# [Exercise materials]
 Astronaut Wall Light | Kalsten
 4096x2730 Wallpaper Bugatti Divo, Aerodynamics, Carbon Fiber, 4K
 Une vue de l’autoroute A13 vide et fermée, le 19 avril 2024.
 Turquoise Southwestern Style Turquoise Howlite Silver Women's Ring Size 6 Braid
...
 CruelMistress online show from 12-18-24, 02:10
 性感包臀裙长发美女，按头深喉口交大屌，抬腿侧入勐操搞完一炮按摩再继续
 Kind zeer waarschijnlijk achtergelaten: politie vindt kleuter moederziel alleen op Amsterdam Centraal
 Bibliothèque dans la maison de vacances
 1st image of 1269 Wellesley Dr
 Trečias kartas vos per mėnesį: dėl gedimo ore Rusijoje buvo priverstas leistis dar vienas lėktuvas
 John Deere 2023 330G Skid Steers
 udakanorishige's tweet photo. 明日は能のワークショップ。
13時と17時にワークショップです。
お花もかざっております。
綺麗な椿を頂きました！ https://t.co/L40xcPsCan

# [Problem to solve]
All lines above from the one holding "Bibliothèque dans la maison de vacances" to the one holding "綺麗な椿を頂きました！ https://t.co/L40xcPsCan", inclusive, are to be copied exactly; no other line is wanted.

# [Exercise output]
 Bibliothèque dans la maison de vacances
 1st image of 1269 Wellesley Dr
 Trečias kartas vos per mėnesį: dėl gedimo ore Rusijoje buvo priverstas leistis dar vienas lėktuvas
 John Deere 2023 330G Skid Steers
 udakanorishige's tweet photo. 明日は能のワークショップ。
13時と17時にワークショップです。
お花もかざっております。
綺麗な椿を頂きました！ https://t.co/L40xcPsCan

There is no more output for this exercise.